* Records to use:
※

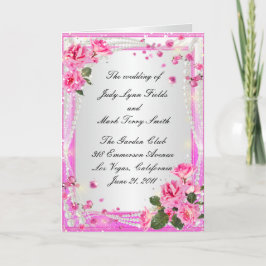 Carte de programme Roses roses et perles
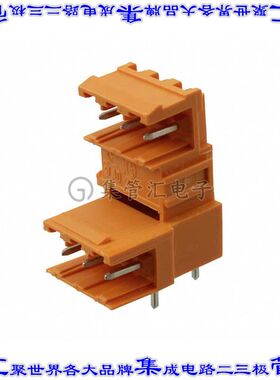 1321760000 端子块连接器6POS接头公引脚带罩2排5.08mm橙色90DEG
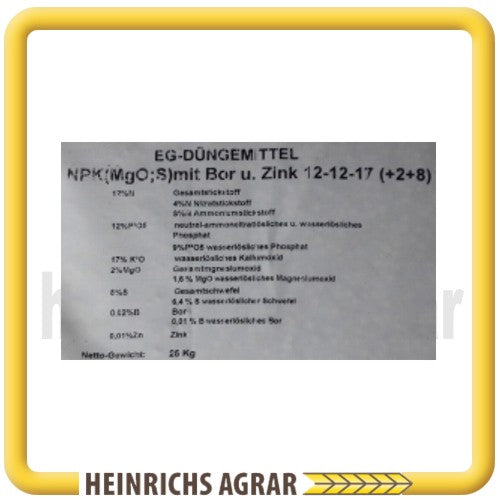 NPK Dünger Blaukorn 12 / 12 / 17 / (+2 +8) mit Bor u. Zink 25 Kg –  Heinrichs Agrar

※

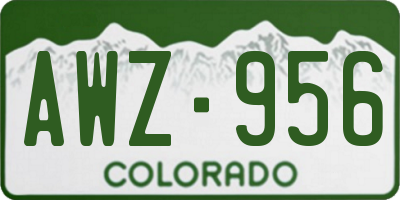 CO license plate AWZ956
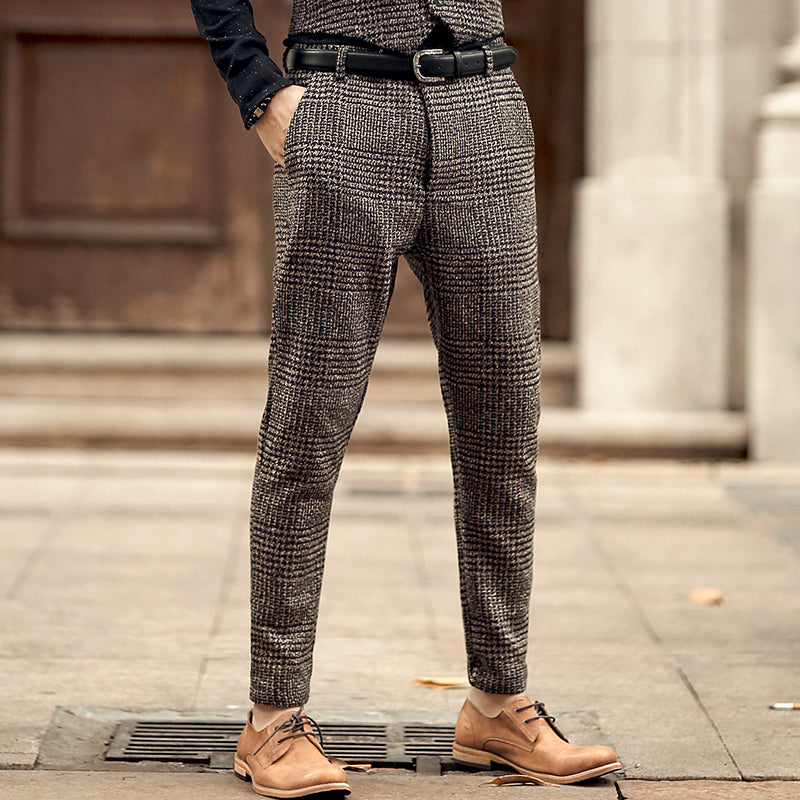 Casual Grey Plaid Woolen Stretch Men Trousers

※

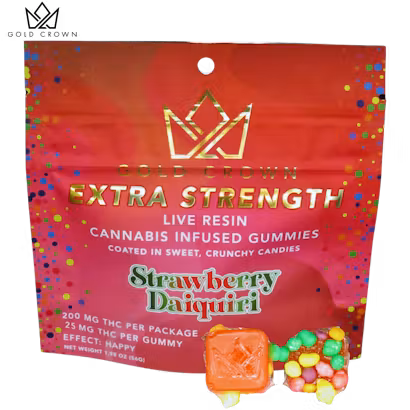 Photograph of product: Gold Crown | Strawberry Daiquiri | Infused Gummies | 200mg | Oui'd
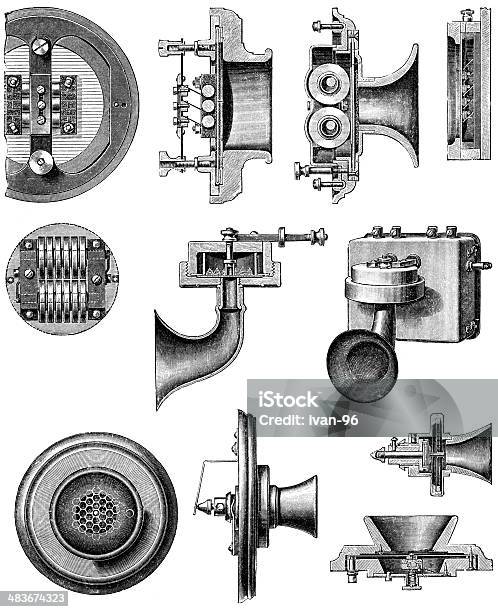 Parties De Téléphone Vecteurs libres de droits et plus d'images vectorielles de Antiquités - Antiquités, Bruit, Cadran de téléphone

※

* Problem: Find where the line with "1321760000 端子块" sits in the material above and where the line with "NPK Dünger Blaukorn" sits. Set down exactly the lines from the first to the second, both included and nothing else, without pictures.

* Output for this exercise:
 1321760000 端子块连接器6POS接头公引脚带罩2排5.08mm橙色90DEG
 NPK Dünger Blaukorn 12 / 12 / 17 / (+2 +8) mit Bor u. Zink 25 Kg –  Heinrichs Agrar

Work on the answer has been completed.